## [WHAT THE EXERCISE ASKS]
Once the pictures are removed, return each record below exactly as written.

## [THE RECORDS]
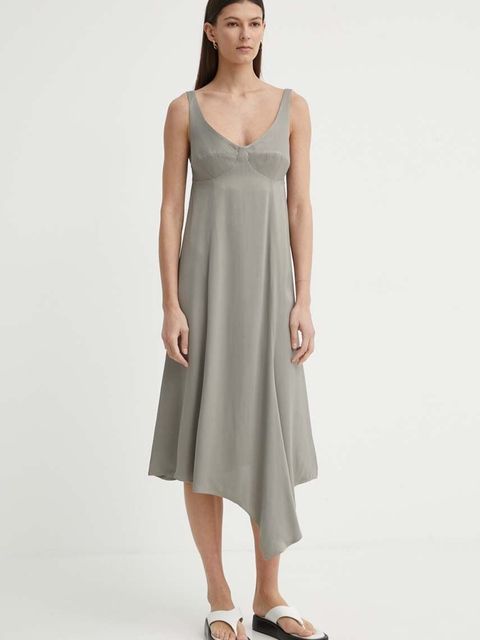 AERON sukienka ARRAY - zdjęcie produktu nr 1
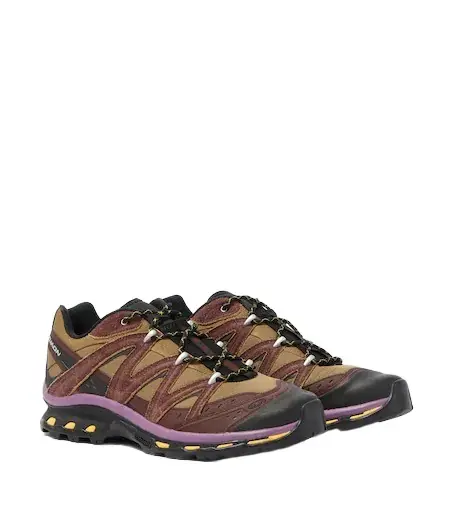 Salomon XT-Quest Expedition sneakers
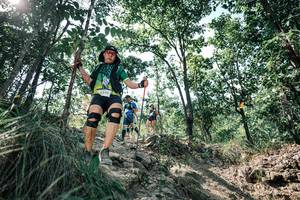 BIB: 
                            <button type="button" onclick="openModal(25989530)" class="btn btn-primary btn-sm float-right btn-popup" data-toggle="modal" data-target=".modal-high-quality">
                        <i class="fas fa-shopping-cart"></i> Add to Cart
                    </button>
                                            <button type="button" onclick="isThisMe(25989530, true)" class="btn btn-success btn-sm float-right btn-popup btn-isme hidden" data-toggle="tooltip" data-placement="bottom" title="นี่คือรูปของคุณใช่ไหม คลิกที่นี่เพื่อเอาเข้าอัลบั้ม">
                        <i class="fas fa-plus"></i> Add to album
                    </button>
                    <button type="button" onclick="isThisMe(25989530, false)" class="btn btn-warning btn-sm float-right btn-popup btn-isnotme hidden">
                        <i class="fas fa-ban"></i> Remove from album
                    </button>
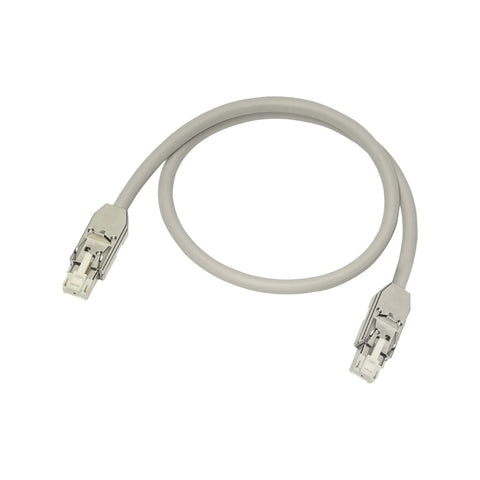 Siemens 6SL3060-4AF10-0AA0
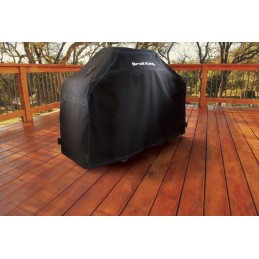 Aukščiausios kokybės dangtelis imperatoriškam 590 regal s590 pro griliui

## [ANSWER SPACE]
 AERON sukienka ARRAY - zdjęcie produktu nr 1
 Salomon XT-Quest Expedition sneakers
 BIB: 
                            <button type="button" onclick="openModal(25989530)" class="btn btn-primary btn-sm float-right btn-popup" data-toggle="modal" data-target=".modal-high-quality">
                        <i class="fas fa-shopping-cart"></i> Add to Cart
                    </button>
                                            <button type="button" onclick="isThisMe(25989530, true)" class="btn btn-success btn-sm float-right btn-popup btn-isme hidden" data-toggle="tooltip" data-placement="bottom" title="นี่คือรูปของคุณใช่ไหม คลิกที่นี่เพื่อเอาเข้าอัลบั้ม">
                        <i class="fas fa-plus"></i> Add to album
                    </button>
                    <button type="button" onclick="isThisMe(25989530, false)" class="btn btn-warning btn-sm float-right btn-popup btn-isnotme hidden">
                        <i class="fas fa-ban"></i> Remove from album
                    </button>
 Siemens 6SL3060-4AF10-0AA0
 Aukščiausios kokybės dangtelis imperatoriškam 590 regal s590 pro griliui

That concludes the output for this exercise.